Directions for this task — Could you restate the entries word for word, without the images?

Data entries:
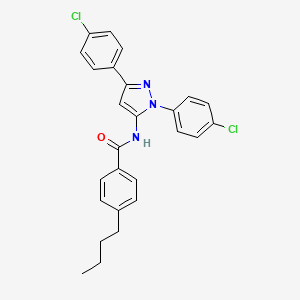 molecular formula C26H23Cl2N3O B1650752 N-[2,5-bis(4-chlorophenyl)pyrazol-3-yl]-4-butylbenzamide CAS No. 1196723-95-1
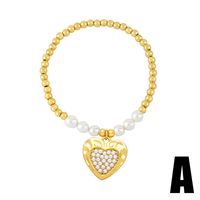 Barocker Stil Herzform Bogenknoten Schlüssel Kupfer Vergoldet Künstliche Perlen Zirkon Armbänder 1 Stück sku image 1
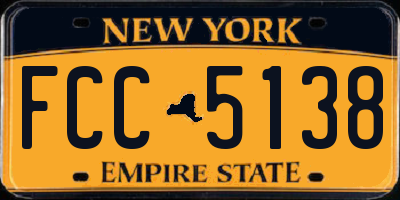 NY license plate FCC5138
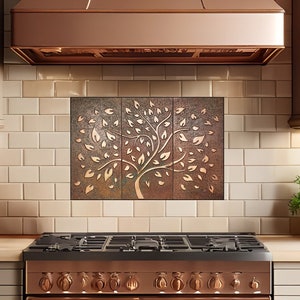 Handmade tree with falling leaves backsplash. - Set of 3 Handmade tiles - 100% Copper, Stainless Steel or Brass.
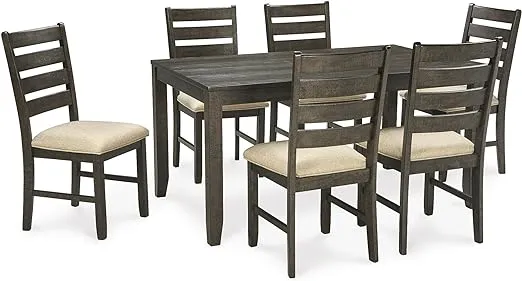 Signature Design by Ashley Rokane 20" Dining Room Table Set with 6 Upholstered Chairs, Brown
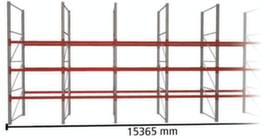 META Palletstelling MULTIPAL voor 64 pallets, 15365 mm breed, 4 opslagniveaus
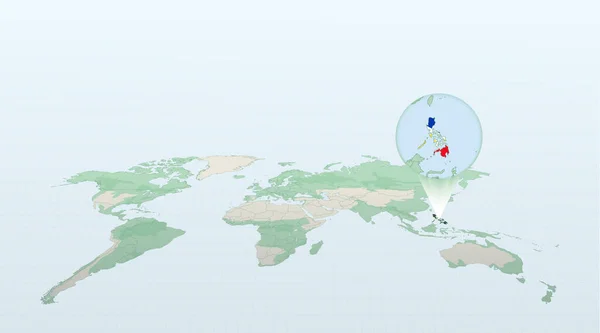 Mapa Mundo Perspectiva Mostrando Localização País Filipinas Com Mapa Detalhado — Vetor de Stock
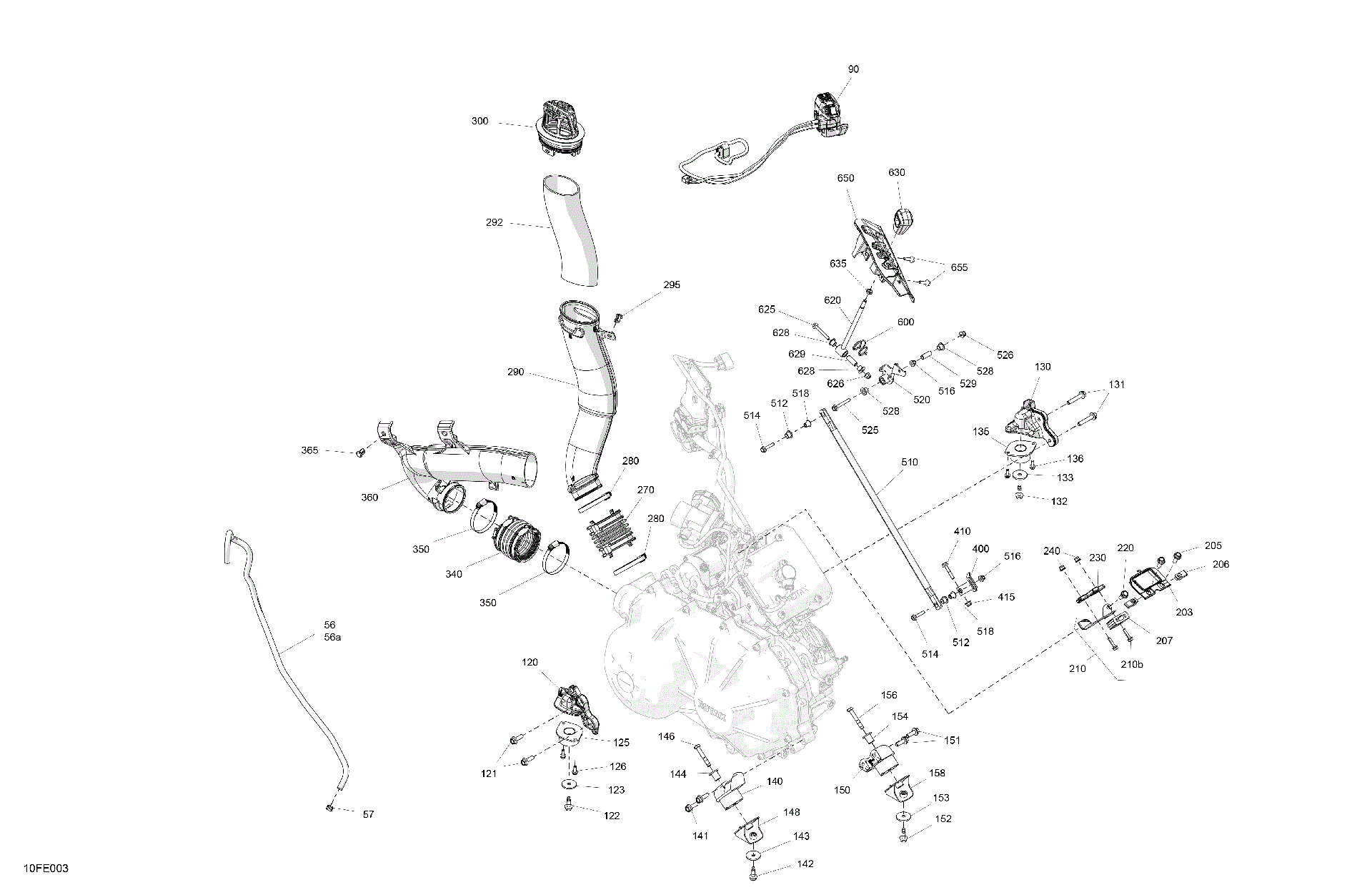 An Image of a Genuine Can-Am Parts Schematic Diagram showing the schematic - ENGINE - SYSTEM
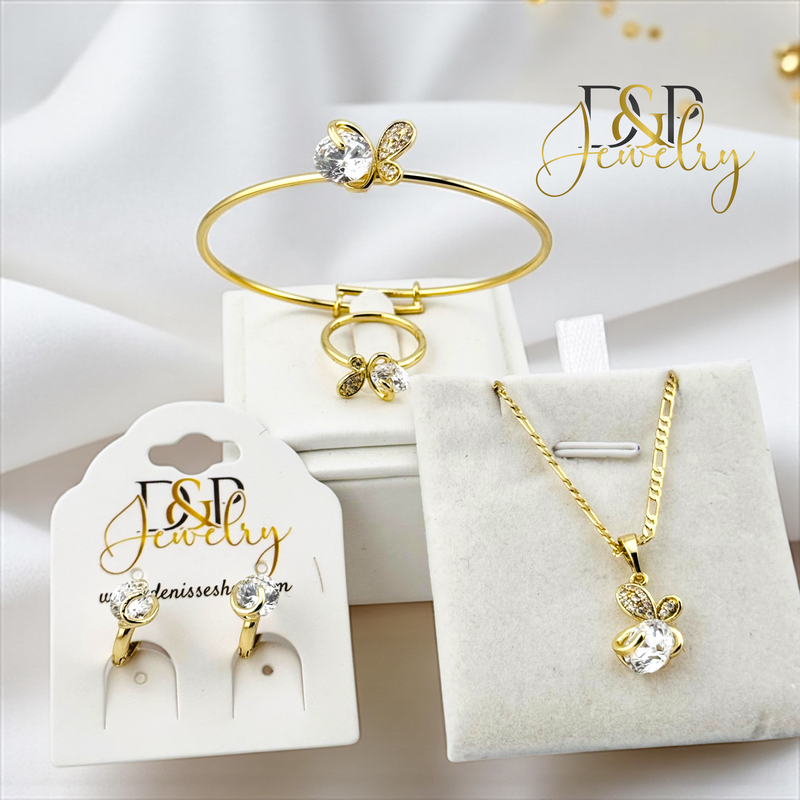 14K GIRL BUTTERFLY NECKLACE SET 5 PCS N271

Answer —
 molecular formula C26H23Cl2N3O B1650752 N-[2,5-bis(4-chlorophenyl)pyrazol-3-yl]-4-butylbenzamide CAS No. 1196723-95-1
 Barocker Stil Herzform Bogenknoten Schlüssel Kupfer Vergoldet Künstliche Perlen Zirkon Armbänder 1 Stück sku image 1
 NY license plate FCC5138
 Handmade tree with falling leaves backsplash. - Set of 3 Handmade tiles - 100% Copper, Stainless Steel or Brass.
 Signature Design by Ashley Rokane 20" Dining Room Table Set with 6 Upholstered Chairs, Brown
 META Palletstelling MULTIPAL voor 64 pallets, 15365 mm breed, 4 opslagniveaus
 Mapa Mundo Perspectiva Mostrando Localização País Filipinas Com Mapa Detalhado — Vetor de Stock
 An Image of a Genuine Can-Am Parts Schematic Diagram showing the schematic - ENGINE - SYSTEM
 14K GIRL BUTTERFLY NECKLACE SET 5 PCS N271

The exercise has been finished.